“De la autocensura se derivan graves consecuencias. En primer lugar, el hecho de que, en cualquier debate, si quienes defienden un determinado criterio se callan, se impondrá la opinión del que no se contiene”
Diálogo. GERT ALTMAN (Pixabay)
Vivimos en una sociedad plural, abierta y democrática, en la que la expresión de cualquier idea debería ser respetada. Sin embargo, evitamos exponer nuestros criterios sobre temas tan controvertidos como la política o el fútbol ya que suelen generar vehementes discusiones y, en ocasiones, la pérdida o el deterioro de valiosas relaciones. De hecho, todos conocemos grupos de whatsapp en los que se restringen conversaciones sobre cuestiones que a priori podrían quebrantar la armonía del colectivo.
¿Por qué en nuestras charlas cada vez tratamos menos los asuntos que pueden resultar polémicos? ¿Es la resolución de los conflictos mediante el diálogo y los pactos una característica de las sociedades democráticas? ¿Producen los autoritarismos personas indiferentes ante los asuntos públicos?
Podemos observar varias causas que explican esta autocensura. Aprendemos muchos de nuestros comportamientos por imitación y hoy, en los debates públicos que constituyen nuestros modelos, no encontramos diálogos sino monólogos. Además, el miedo a ser etiquetados y al linchamiento en las redes puede estar en el origen de nuestras inhibiciones en las discusiones tanto públicas como entre amigos o familiares. ¿Para qué voy a dar una opinión, si sé que no voy a convencer a nadie? Mejor ese silencio que se muestra en la expresión “yo a lo mío, para qué meterme en líos”. También advertimos que algunas personas parecen creer que poseen toda la verdad y se disgustan o menosprecian a quienes piensan, sienten, visten o se comportan de modos diferentes. Otras no se expresan porque se ven inseguras al pertenecer a grupos menos favorecidos o por tener menor capacidad dialéctica.
De la autocensura se derivan graves consecuencias. En primer lugar, el hecho de que, en cualquier debate, si quienes defienden un determinado criterio se callan, se impondrá la opinión del que no se contiene. En segundo lugar, que, si acabamos conversando solo con los afines, no conoceremos los matices y el posible valor de los argumentos contrarios. Esto nos conduce, en tercer lugar, a la creencia en la propia superioridad moral que conlleva desatención a los asuntos comunes y cierto individualismo.
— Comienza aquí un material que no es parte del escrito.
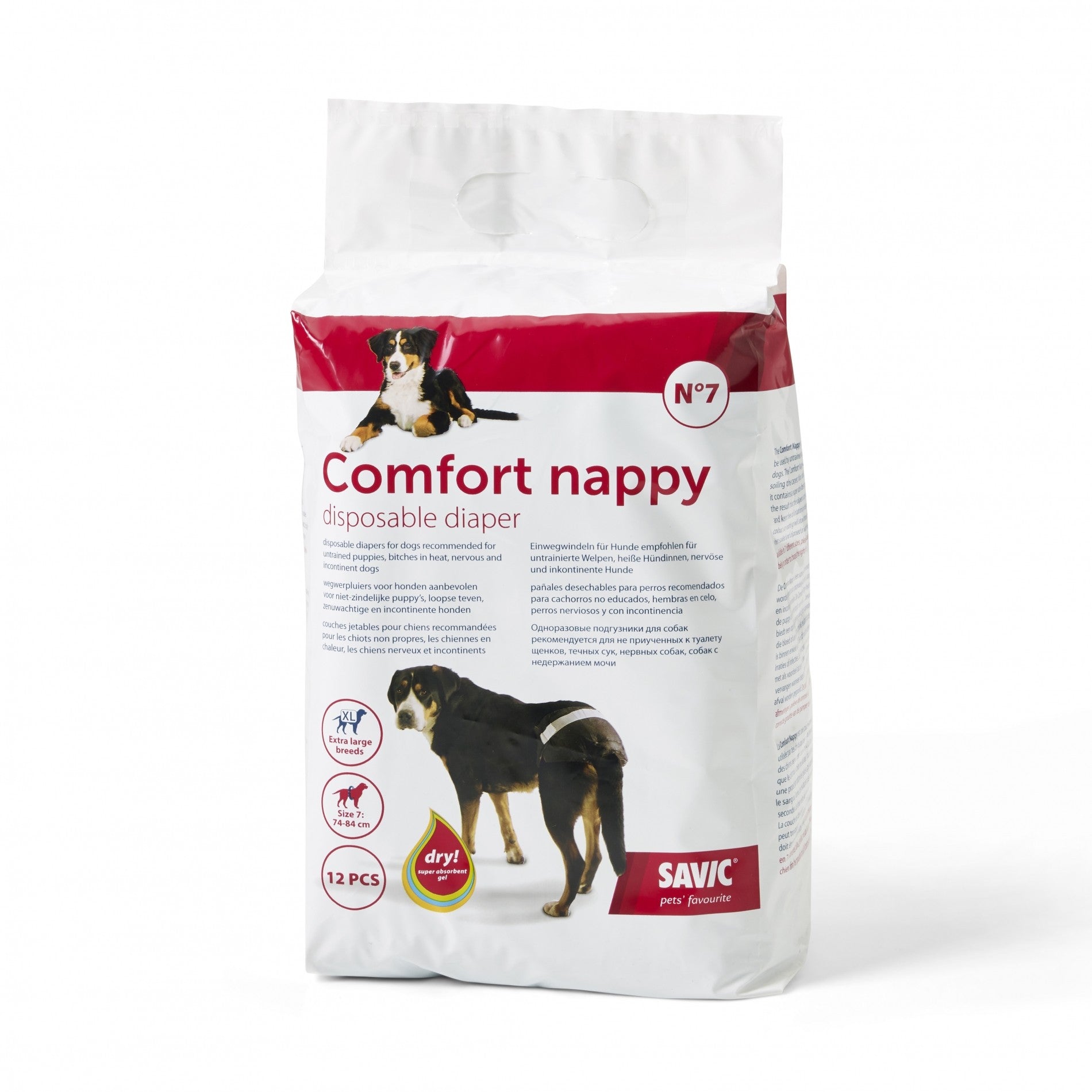 Couches culottes Comfort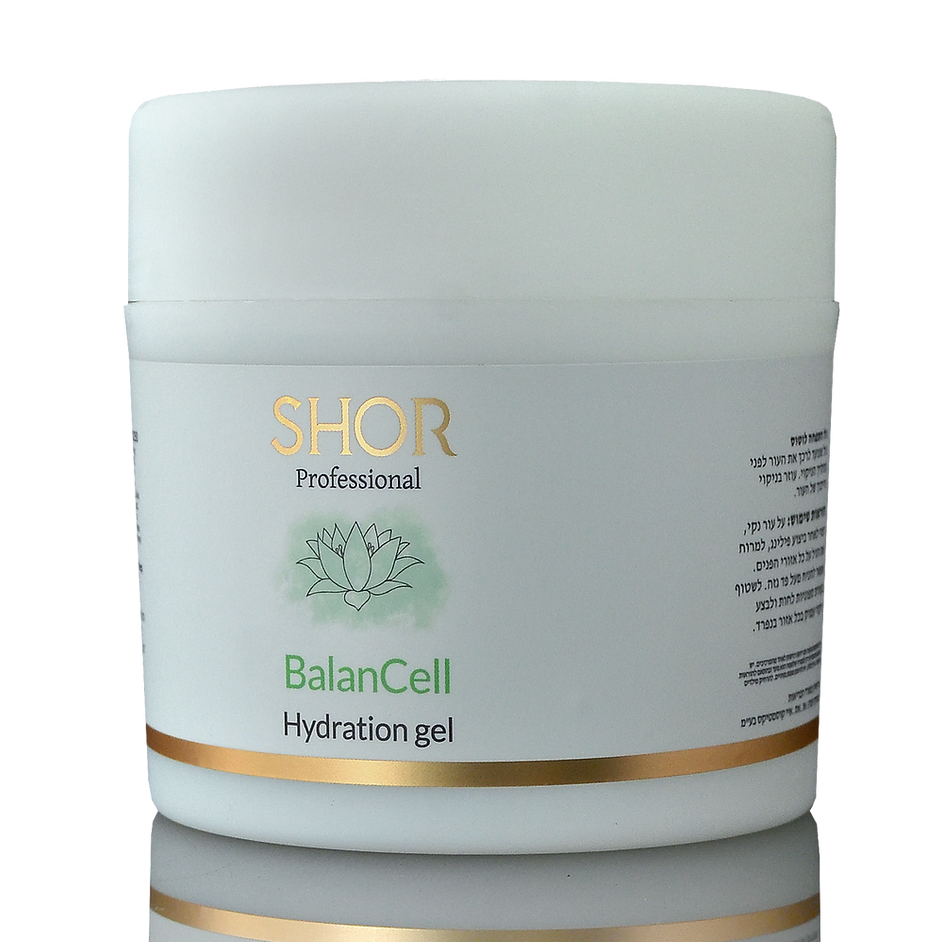 shor balancell hydration gel Гидратирующий гель 250 мл Shor BalanCell Hydration Gel Гидратирующий гель 250 мл — изображение 1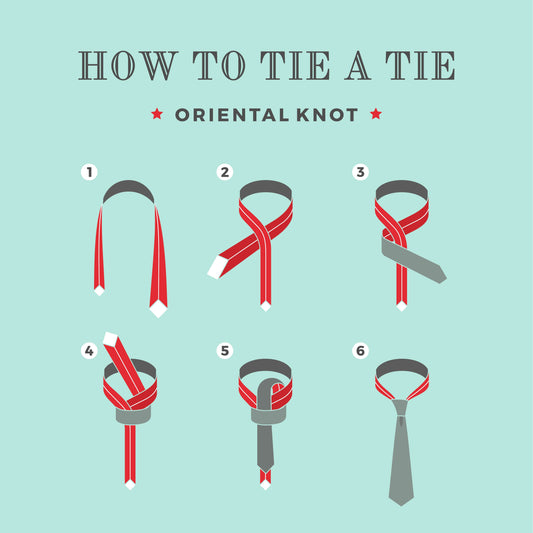 How to Tie the Oriental Knot: A Comprehensive Guide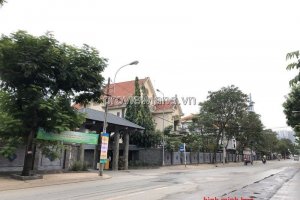 Land for sale in Thao Dien, Ho Chi Minh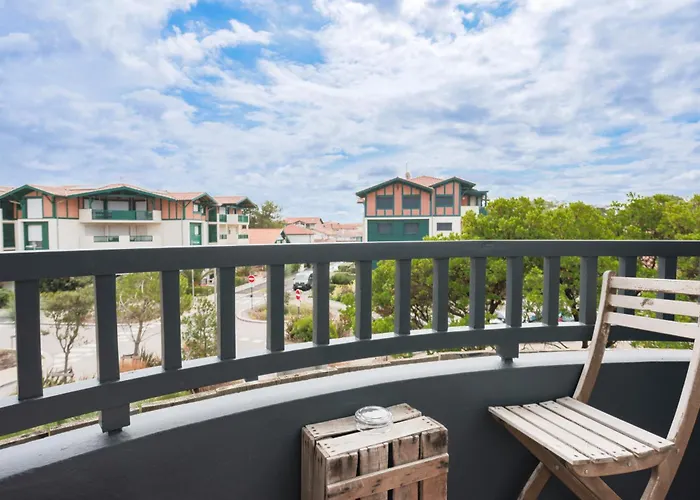 Strandhotels in Capbreton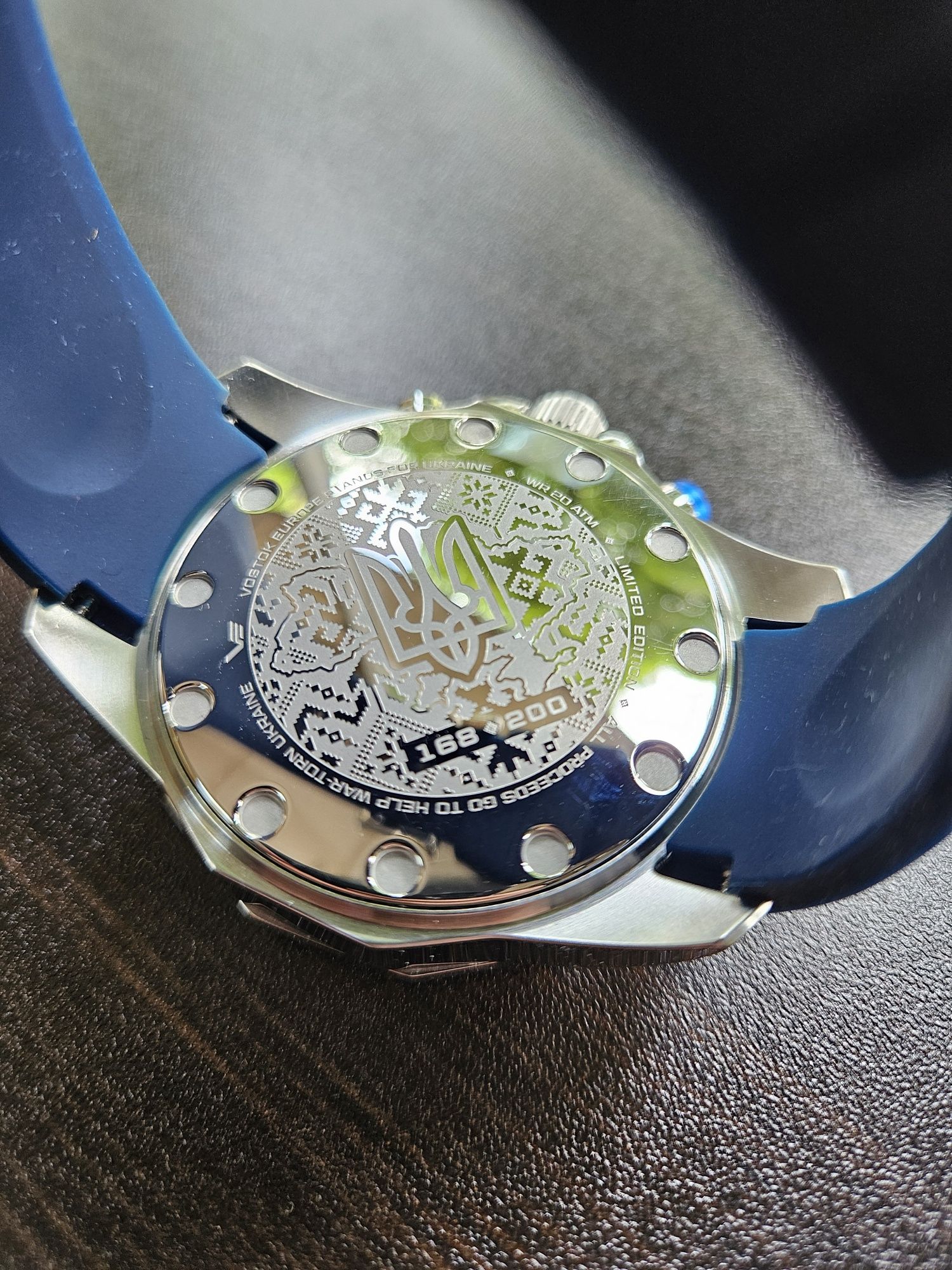 Vostok Слава Украйна *Limited 200
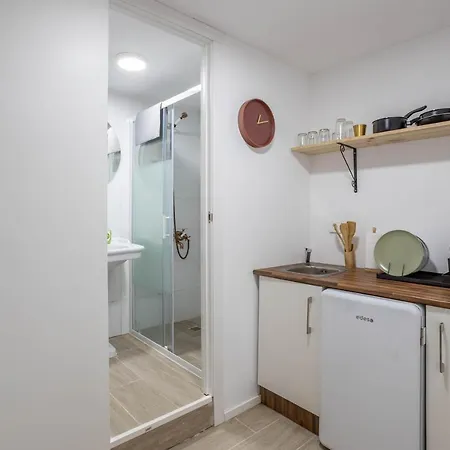 Apartamento Elvira Premium Granada Exterior photo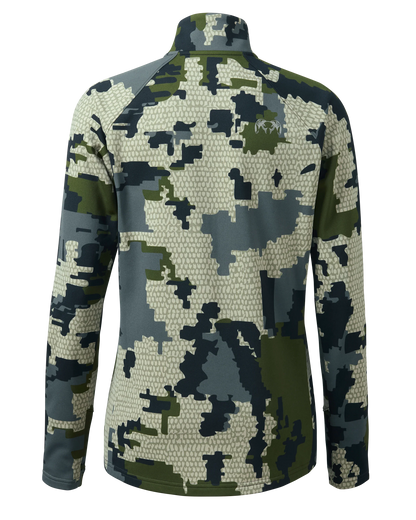 Women's StrongFleece 190 Zip-T | Verde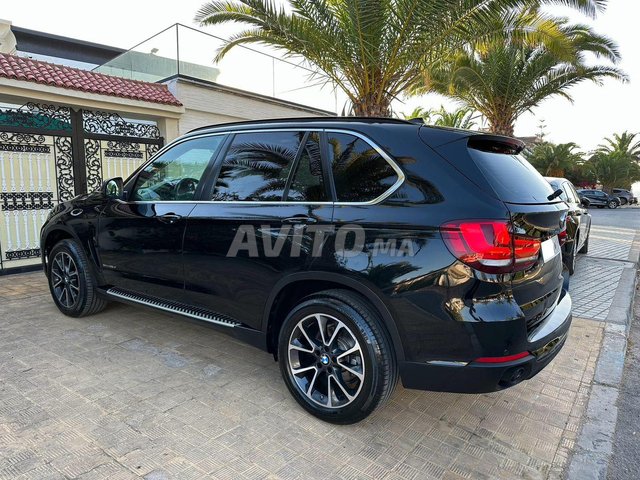 BMW X5 occasion Diesel Modèle 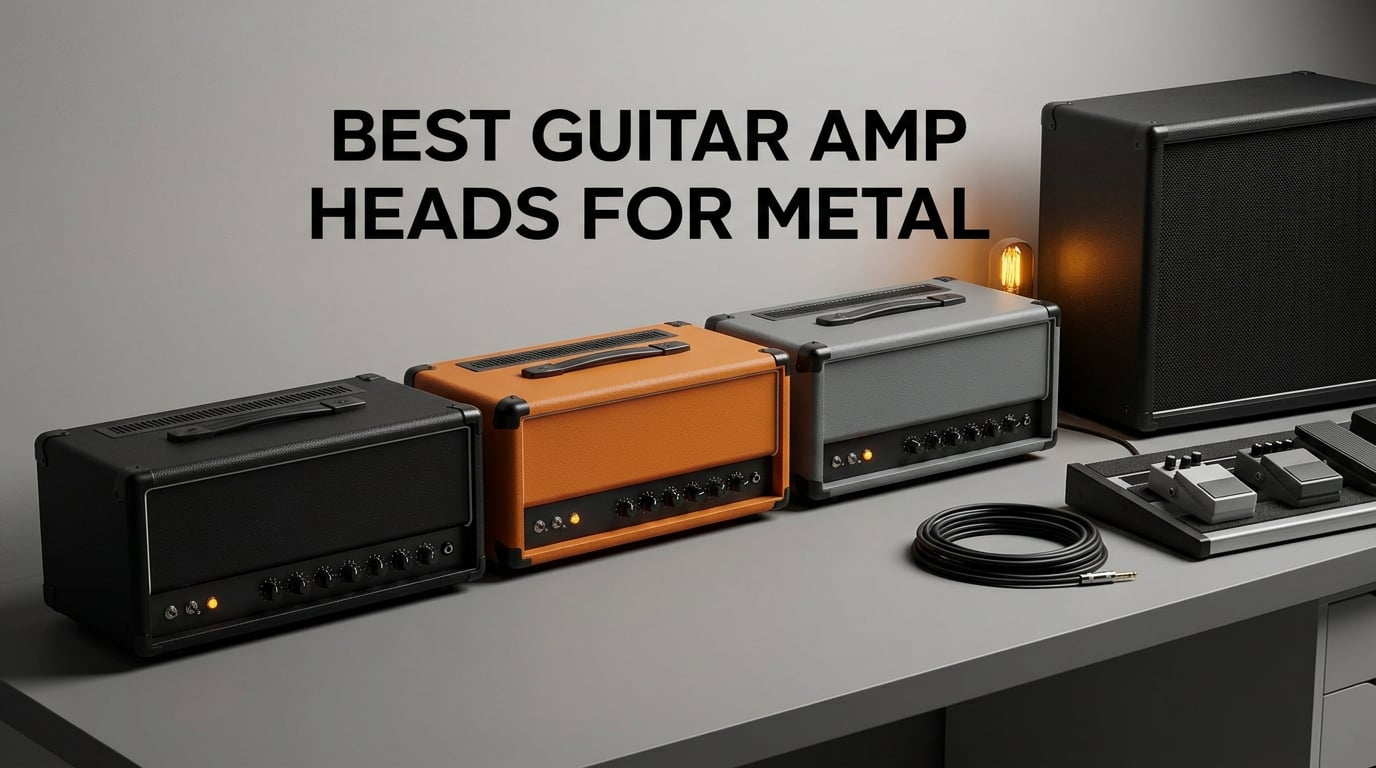 best guitar amp heads for metal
Para evitar que el diálogo sobre cuestiones políticas, sociales o religiosas se convierta en una discusión tabernaria en la que solo se escucha a quienes más gritan, deberíamos atender a las siguientes premisas: 1) que nadie posee toda la verdad ni está completamente equivocado, 2) que no se debe presuponer la superioridad moral de una persona sobre otra, 3) que las diferencias de opinión no deben considerarse como ataques personales y 4) que necesitamos dudar y valorar esa capacidad. Con todo esto, quizás podamos y debamos hacernos diversas preguntas:
¿Hay que cuidar no solo lo que decimos, sino también cómo lo decimos, de tal modo que evitemos las exageraciones, los insultos, el sarcasmo…? ¿Es preferible, en alguna ocasión, soslayar ciertas cuestiones para eludir un debate poco maduro? ¿Es necesario saber perder cuando no dominamos un tema o cuando, simplemente, estamos en minoría? Y, lo más importante, ¿es lo definitivo escuchar con atención e interés a quien piensa de otro modo?
La reflexión sobre estas ideas posiblemente nos enseñará que al participar en una discusión podemos mostrar o no nuestra capacidad para la escucha y nuestra madurez dialéctica. De hecho, los miembros de una sociedad adulta, tolerante y democrática deben ser capaces de convivir y debatir con quienes tienen criterios, gustos y emociones diferentes. Consecuentemente, nos toca ahora pensar en qué sociedad pretendemos vivir y decidir cómo queremos discutir para poder configurarla.